We all know that a carbon tax as such is wrong and will drive funds away from much needed development of a low carbon economy towards highly inefficient systems of traders and public servants.

I assume that we call can agree that Australia should move towards a low carbon economy and this has nothing to do in being a “climate change believer” or being a “climate sceptic”.  We do need to conserve non renewable energy as it is a vital resource for future generations.

I am sure the Government should be able to work towards achieving challenging goals. For example I would suggest that every power generation company has to increase its proportion of renewable energy by 3% per year. This is achievable and affordable and will provide far more real benefits than just taxes. The Government could also legislate that Government Departments and large companies have to increase the energy efficiency by 3 % every year. This would result in increase used of better insulation, the adoption of Ceramic Fuel Cell technologies and more careful management of energy use.

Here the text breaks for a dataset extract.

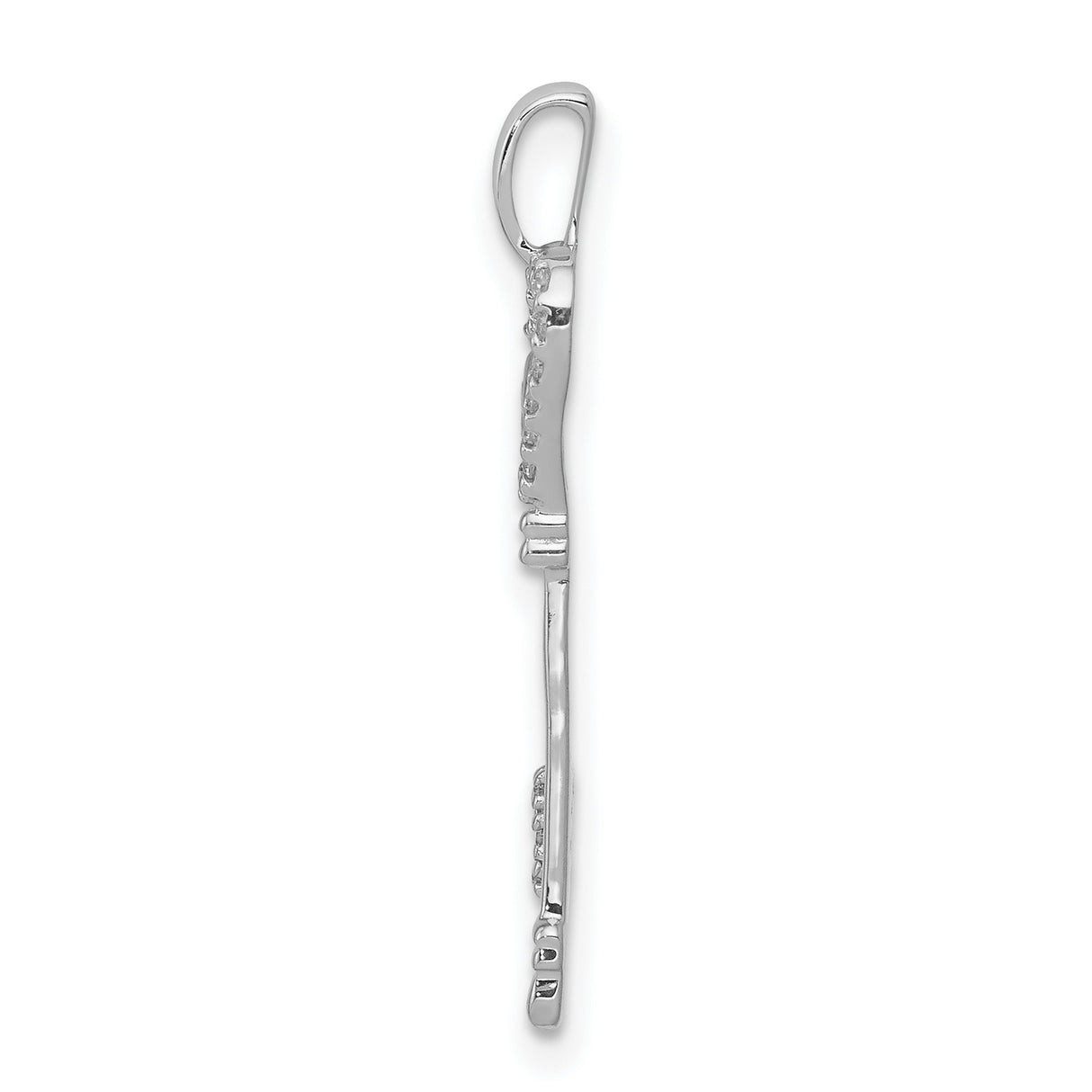 1/10ct Diamond Heart Key Charm Pendant in Real 10k White Gold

These changes would mean that within 15 years more positive changes would have occurred than under a punishing tax regime.

How about comnpetitve tenderin to supply?

At least the MRET results in price increases that will be a fraction of those under the carbon tax.  This is because the MRET is not a def-facto tax scheme thus the cost of the tax does not have to be included when setting the tax.

A system based on the use of competitive tendering to set up long term contracts for the supply of cleaner electricity will give investors more sales and price certainty provided that purchase of contracted cleaner power takes preference.

impressive summary of policy rollercoaster

As usual, Mr Parkinson manages to distill years of policy rollercoaster, industry politics and changing technology into an immensely readable article.